» Required work
Starting at the line below with "Beyond the Jordan: Studies" and stopping at the line with "kit corinthians dls", please print each line exactly, those two included, and skip every picture.

::::::::::

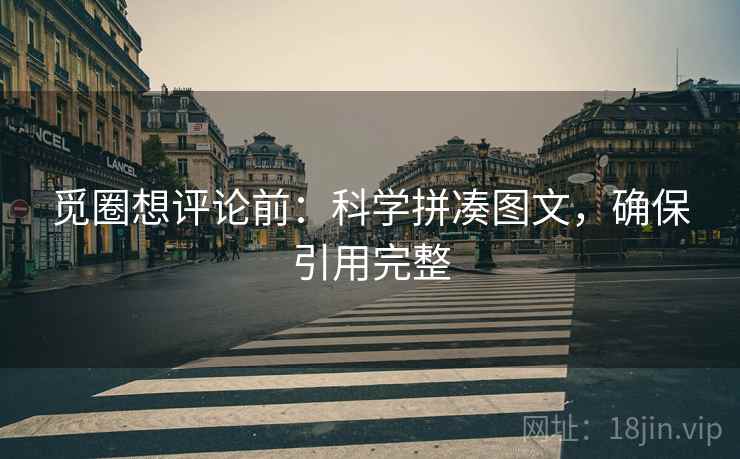 觅圈想评论前:科学拼凑图文,确保引用完整 觅圈想评论前:科学拼凑图文,确保引用完整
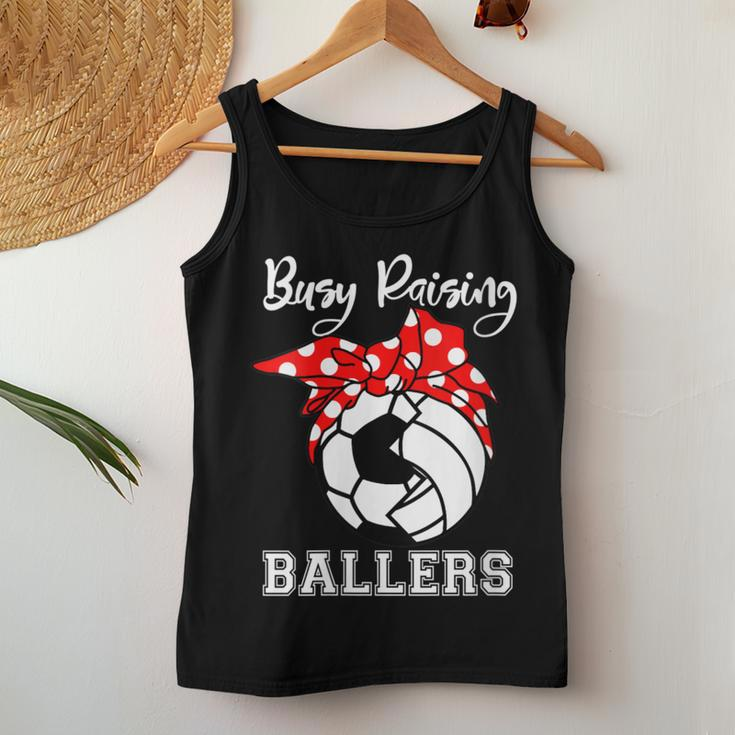 Busy Raising Ballers Soccer Volleyball Mom Women Tank Top Unique Gifts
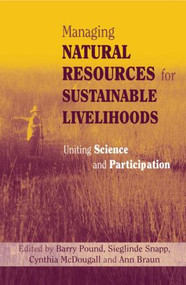 Managing Natural Resources for Sustainable Livelihoods (Uniting Science and Participation) by Ann Braun, Barry Pound, Cynthia McDougall, Sieglinde Snapp, 9781844070268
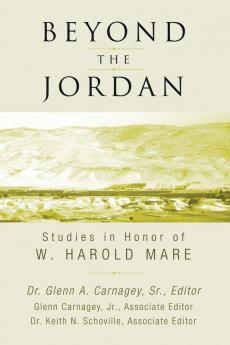 Beyond the Jordan: Studies in Honor of W. Harold Mare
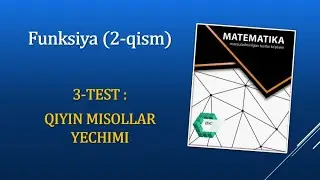 Funksiya (2-qism ) . IDC mavzulashtirilgan testlar 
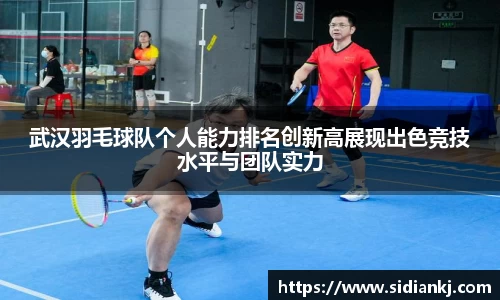 武汉羽毛球队个人能力排名创新高展现出色竞技水平与团队实力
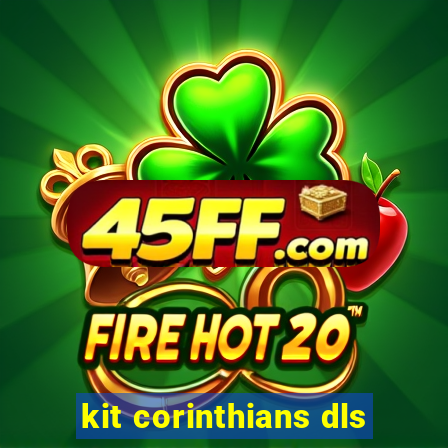 kit corinthians dls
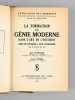 La Formation du Génie Moderne dans l'Art de l'Occident. Arts plastiques - Arts littéraires. SCHNEIDER, René ; COHEN, Gustave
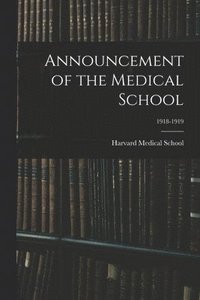 bokomslag Announcement of the Medical School; 1918-1919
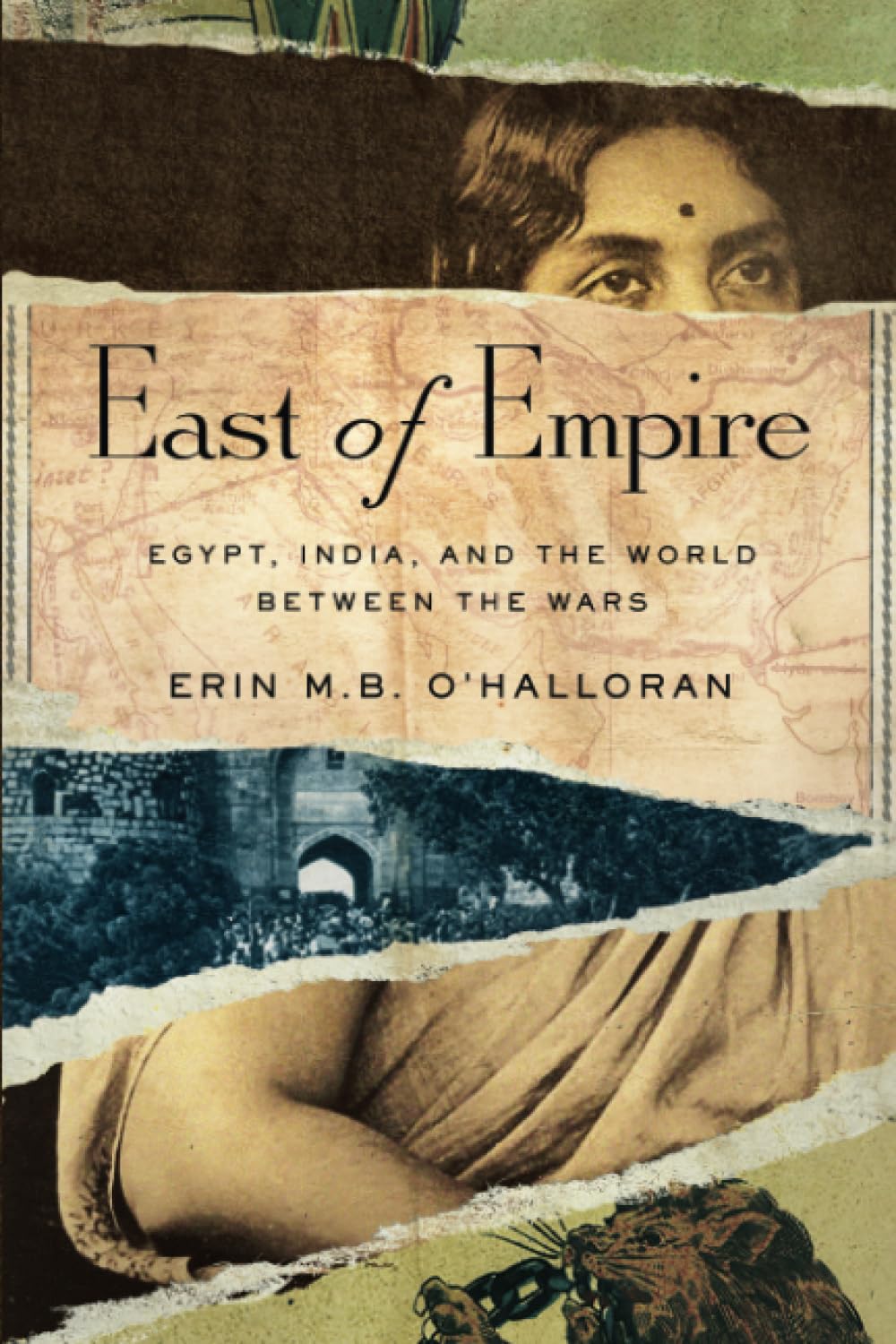 East of Empire: Egypt, India, and the World between the Wars (Stanford British Histories)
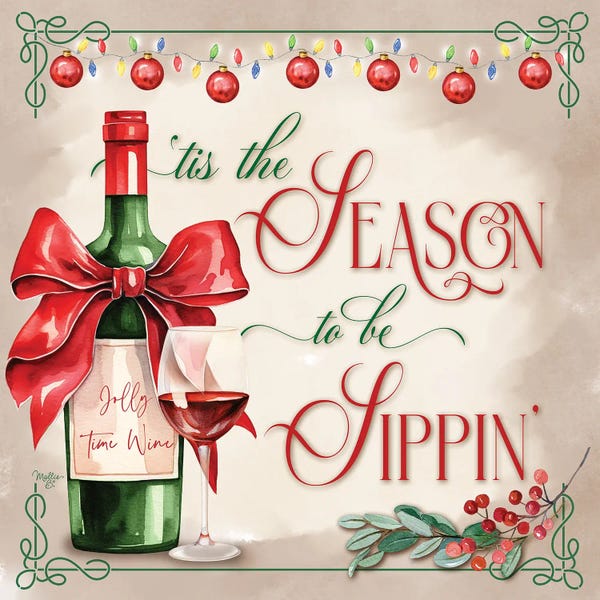 Witty Humor: Tis The Season To Be Sippin' by Mollie B.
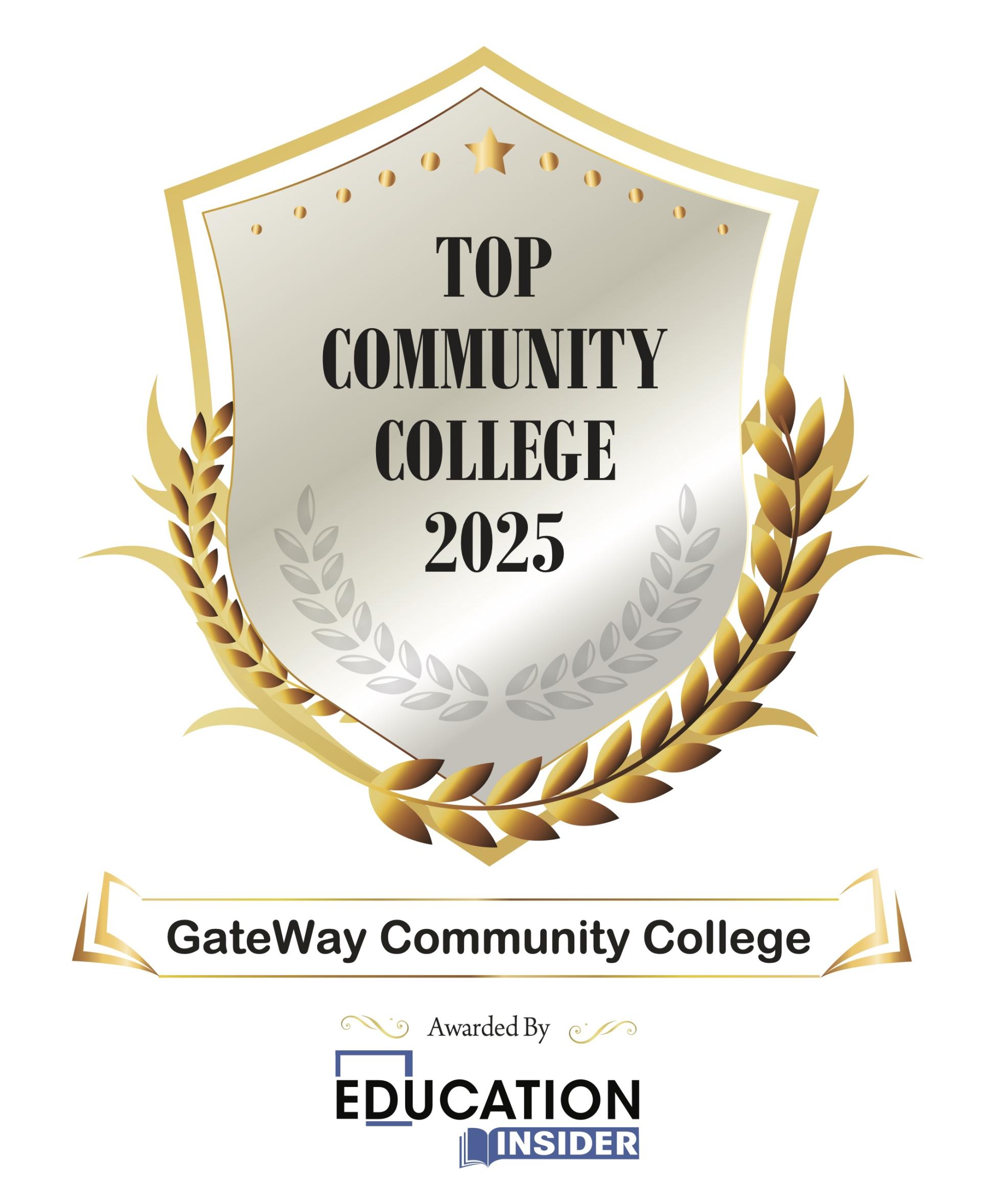 Top Community College 2025 award from Education Insider to GateWay Community College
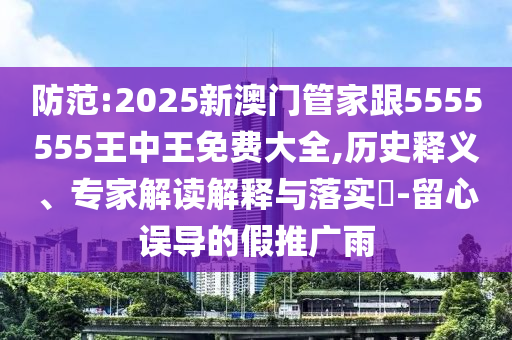 防范:2025新澳門管家跟5555555王中王免費大全,歷史釋義、專家解讀解釋與落實?-留心誤導的假推廣雨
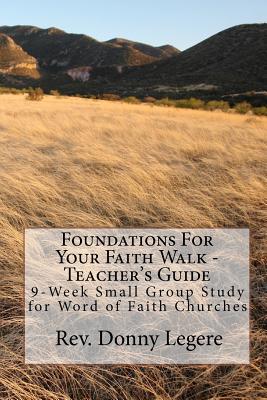 Foundations For Your Faith Walk - Teacher's Guide: 9 Week Small Group Study for Word of Faith Churches - White, Chris, MD (Contributions by), and Legere, Tiffany McGraw (Contributions by), and Legere, Donny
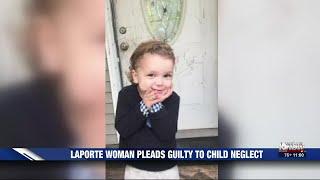 LaPorte woman pleads guilty in connection with child's death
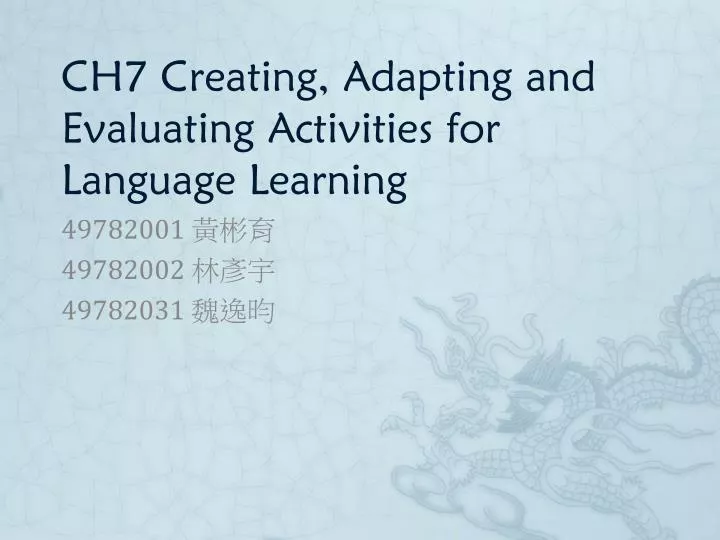 ch7 creating adapting and evaluating activities for language learning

::::::::::

» Written answer
 Beyond the Jordan: Studies in Honor of W. Harold Mare
 Funksiya (2-qism ) . IDC mavzulashtirilgan testlar 
 武汉羽毛球队个人能力排名创新高展现出色竞技水平与团队实力
 kit corinthians dls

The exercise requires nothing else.